Records from a data collection
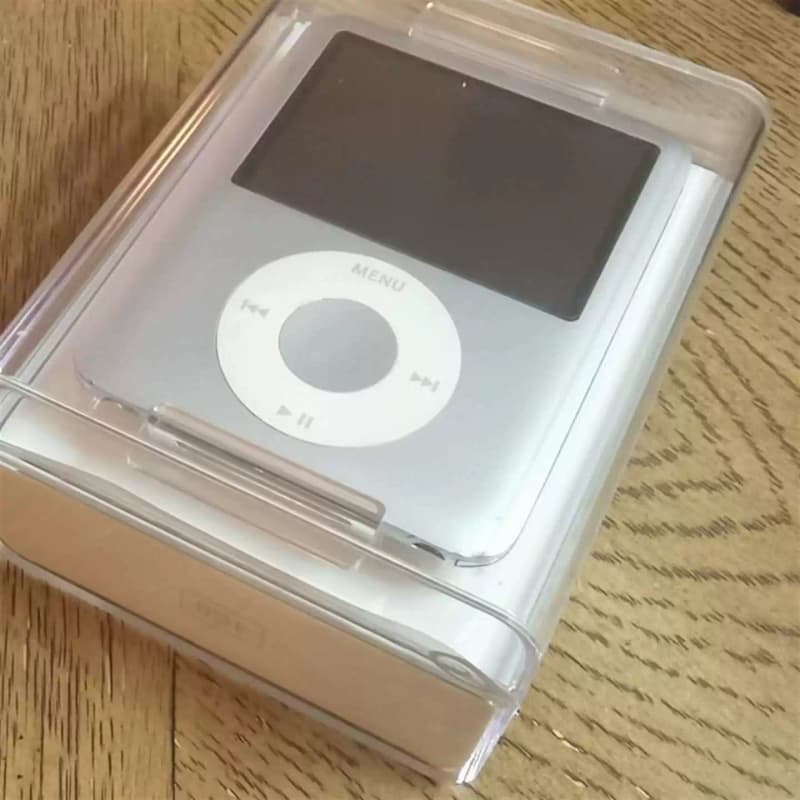 售前询价议价包邮 九成新 ipod nano 3 4g 可使用 全套配图片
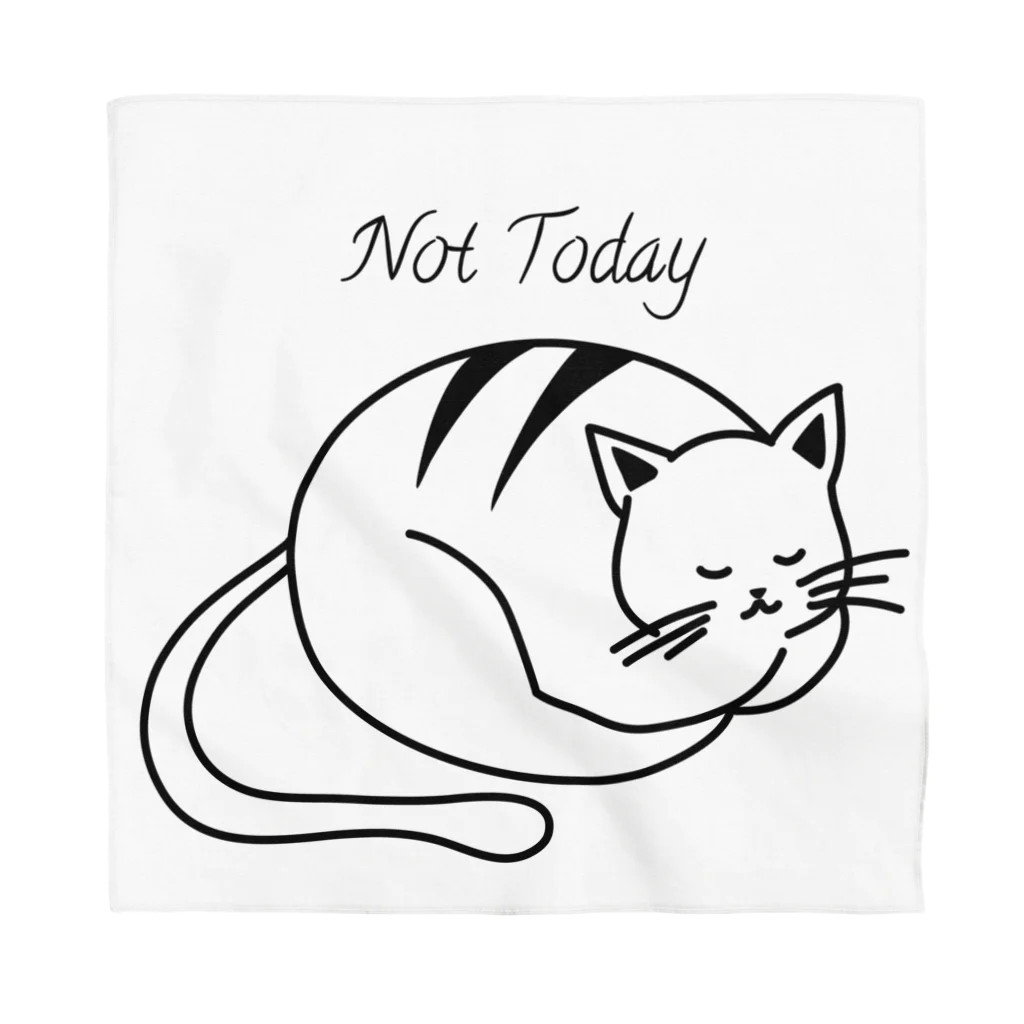 9CATSのNot Today 猫のシルエットシリーズ from 9CATS Bandana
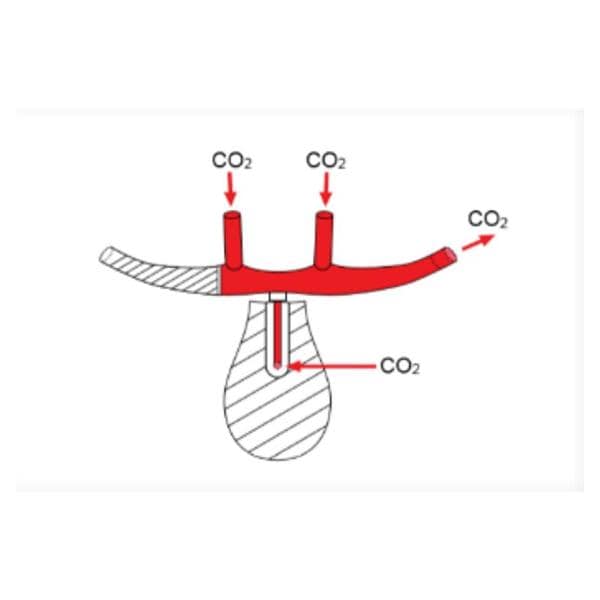 CO2 Sampling Nasal Cannula Adult Disposable 25/Ca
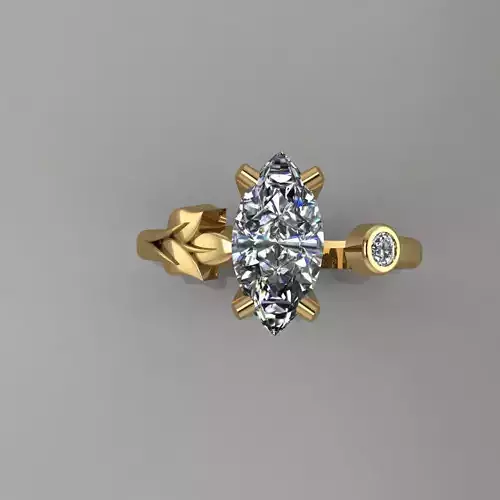 Ring - Diamond 3D print model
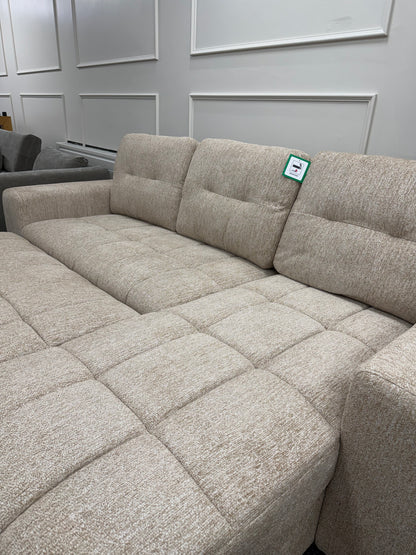 Palermo Universal Corner Sofabed With Storage - Beige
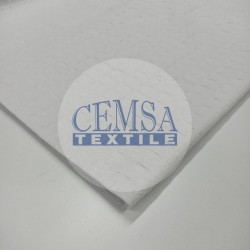 Hotel Pique Fabric | 100% Cotton | White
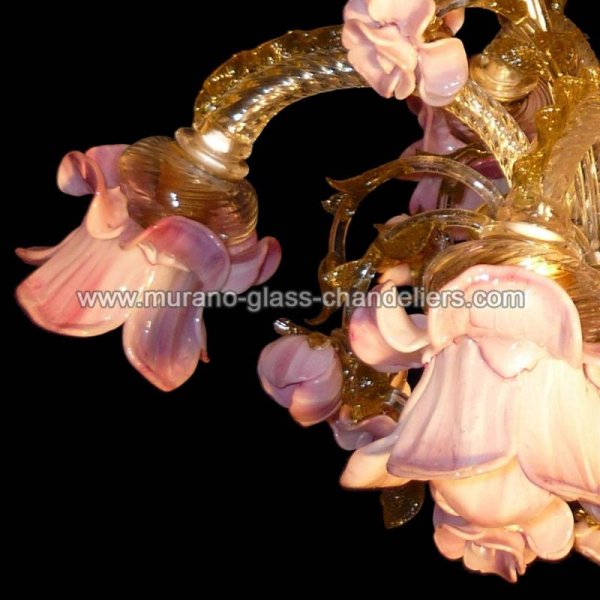 MURANO GLASS CHANDELIERSۥꥢͥ󥬥饹ǥꥢ5ROSASPINAסW700H850mm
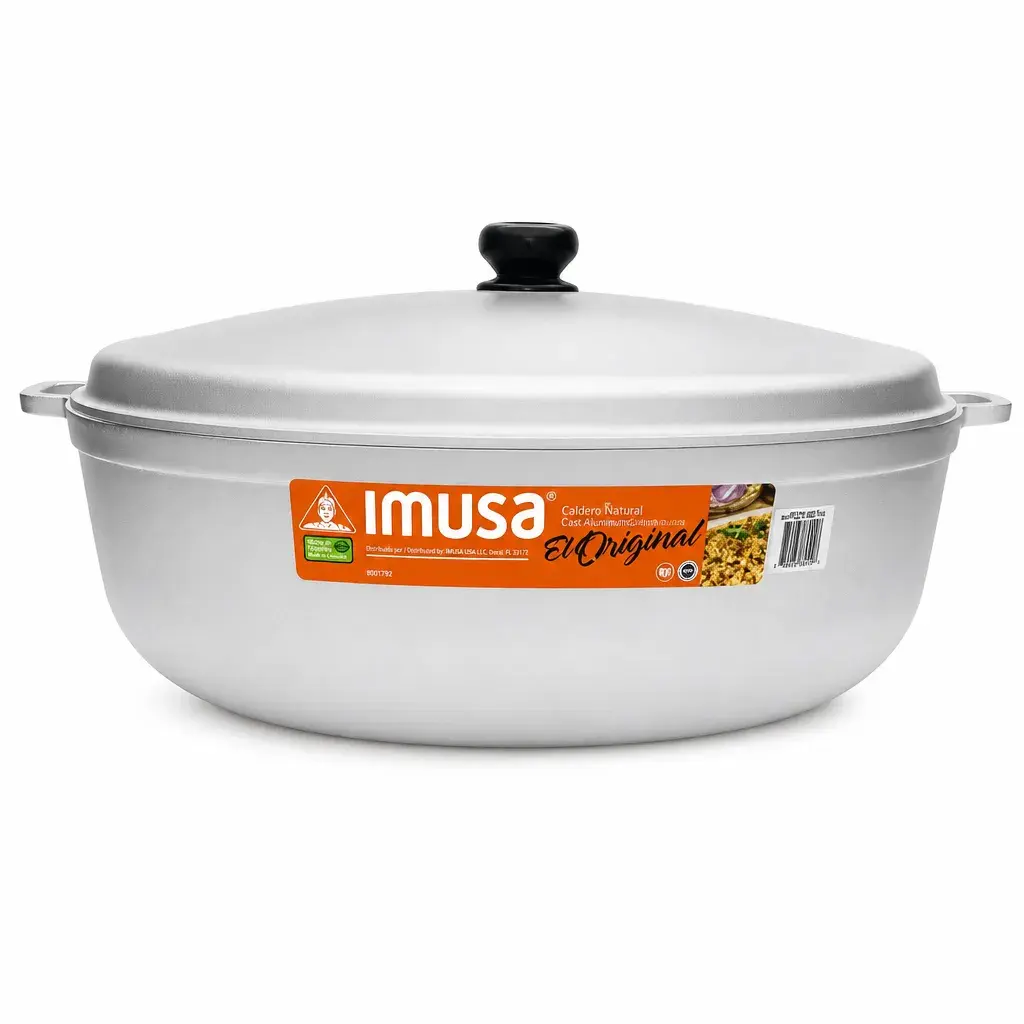 Caldero N° 22 De Aluminio Fundido 50 Cm 25 L Imusa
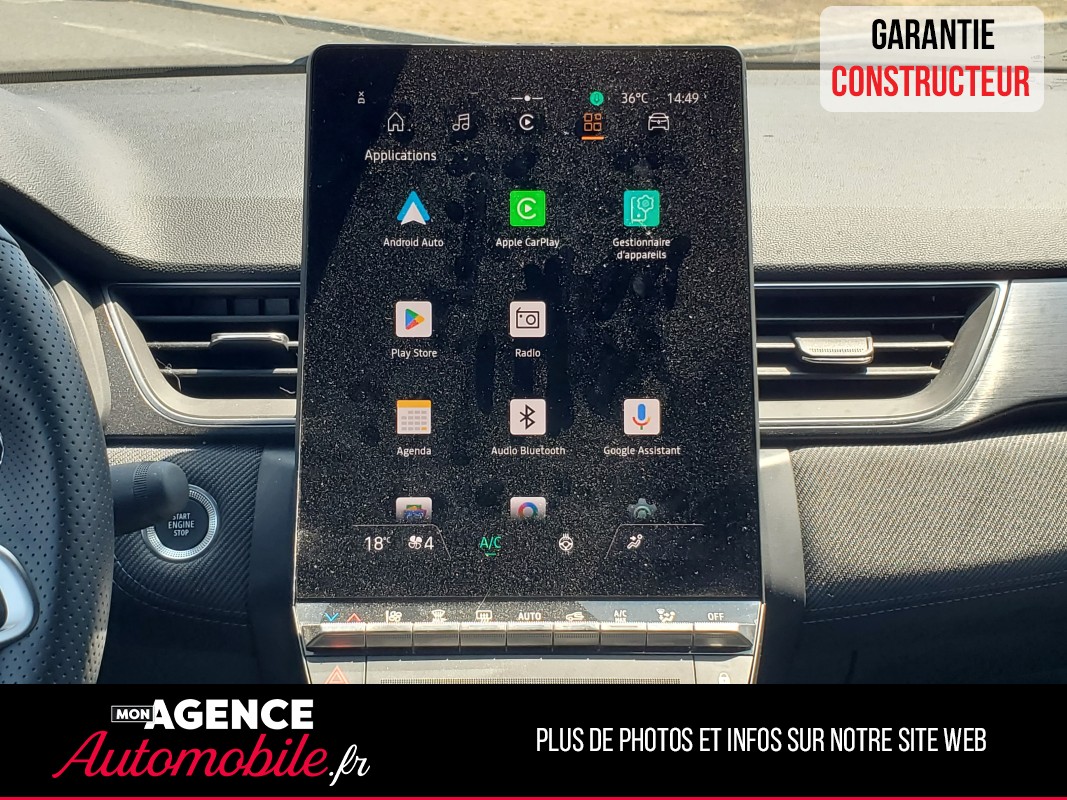 Renault CAPTUR II 1.6l E-TECH 145Ch ESPRIT ALPINE BVA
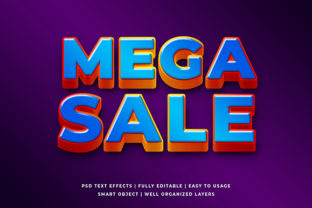 Mega Sale 3d Text Effect Mockup: Elevate Your Promotional Designs Instantly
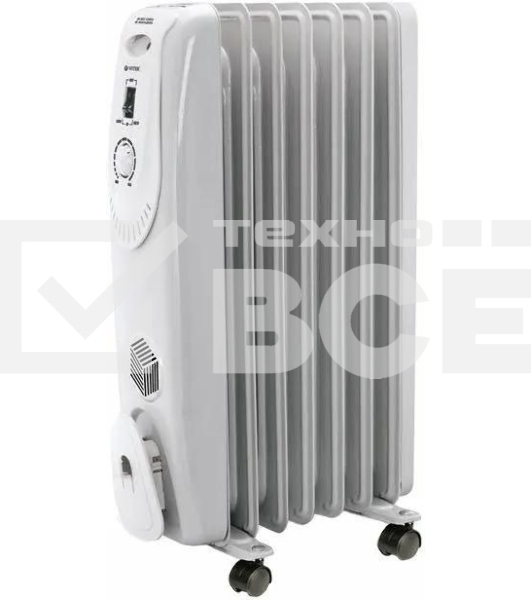 Масляный радиатор Vitek VT-1704 W белый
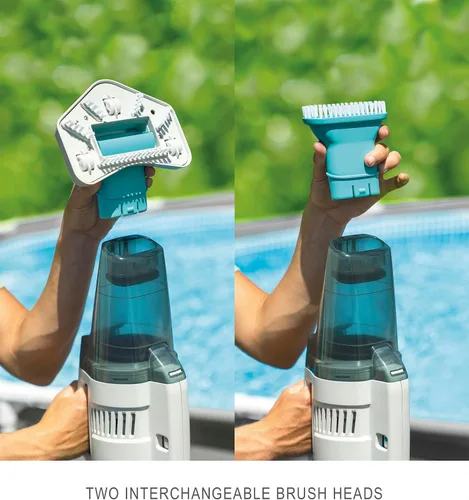 Miniatura 6 de Intex ZR200 - Aspirador inalámbrico recargable para piscina y spa con mango telescópico y 2 cabezales de cepillo intercambiables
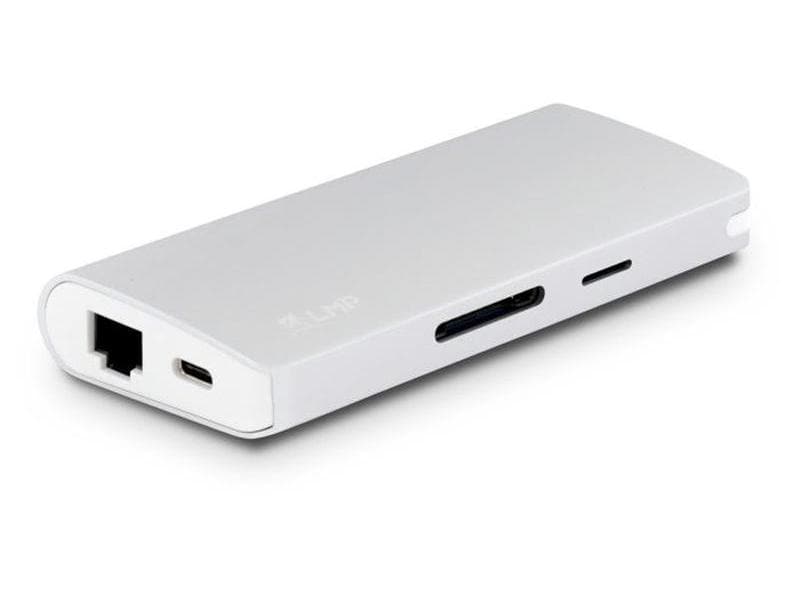 LMP Station d'accueil USB-C Travel Dock argentés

TASK TO CARRY OUT: Once the line with "9CATSのNot Today 猫のシルエットシリーズ" has been found above, output that line and every later line exactly, stopping after the line with "Hotel Pique Fabric | 100% Cotton | White", and omit the pictures.

SOLUTION BELOW:
 9CATSのNot Today 猫のシルエットシリーズ from 9CATS Bandana
 CO2 Sampling Nasal Cannula Adult Disposable 25/Ca
 Ring - Diamond 3D print model
 Palermo Universal Corner Sofabed With Storage - Beige
 Hotel Pique Fabric | 100% Cotton | White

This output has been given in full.